KALAMAZOO--A major overhaul of a higher education classification system produced by the Carnegie Foundation for the Advancement of Teaching puts Western Michigan University in a research university category shared by just 76 public universities around the nation.

In the new classification released by the foundation earlier this month, WMU is called a "research university with high research activity." The category is a new one that resulted from a decision by Carnegie to refine its research university categories by adding a new category to reflect the status of doctoral-granting research universities that conduct a high level of research, often without the benefit of having a medical or veterinary school.

WMU shares the new category with such national universities as Clemson, George Mason, Temple, Texas Tech and Virginia Commonwealth universities as well as the universities of Alabama, Maine and Missouri-Rolla. In Michigan, the only other school in the same research category is Michigan Technological University.

"We watched closely as the new classification system developed and are pleased that the Carnegie Foundation has refined its earlier system to reflect the complexity of the higher education arena," says WMU President Judith I. Bailey. "I think WMU's placement in the new category recognizes its standing in Michigan and the nation as a highly productive research university that has carved out a reputation in a distinct set of disciplines."

The new system, which represents the first major Carnegie overhaul since 2000, also augments the previous classifications by categorizing institutions according to undergraduate and graduate instructional programs, overall enrollment and undergraduate student profiles, and size and setting. In addition to its status as a research university with high research activity, WMU is categorized as a "large, four-year primarily nonresidential" university with a "high undergraduate" enrollment profile and a graduate program profile that is classified as "comprehensive doctoral, no medical or veterinary."

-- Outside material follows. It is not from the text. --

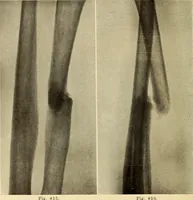 Picture 449 of 481 from Fractures and dislocations, diagnosis and treatment (1915), leaf 777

According to Dr. James Gilchrist, WMU's director of student academic and institutional research, the multiple classification levels will make it easy to identify and compare WMU with other schools close in size, mission and research status. By selecting the field of public universities in the "high research activity" category and narrowing the group further to include only those schools with the same graduate program profile as WMU, a group of 34 schools can be identified. Those 34 schools include George Mason and Texas Tech and the universities of Alabama, Maine, Mississippi, North Texas and Oklahoma.

"These are schools we might consider our peer institutions." Gilchrist says.

The 2006 Carnegie effort, classifies 4,321 colleges and universities, up from 3,856 in 2000. The foundation first developed its classification system in 1970. This year's revision marks the fifth such overhaul and is attributed to the increasingly complex and multifaceted higher education landscape. The 2000 classification initiative includes Web-based tools that Carnegie officials believe will make it easier to analyze the classification system and group like institutions. Those Web tools and the complete list of colleges can be found at www.carnegiefoundation.org/classifications.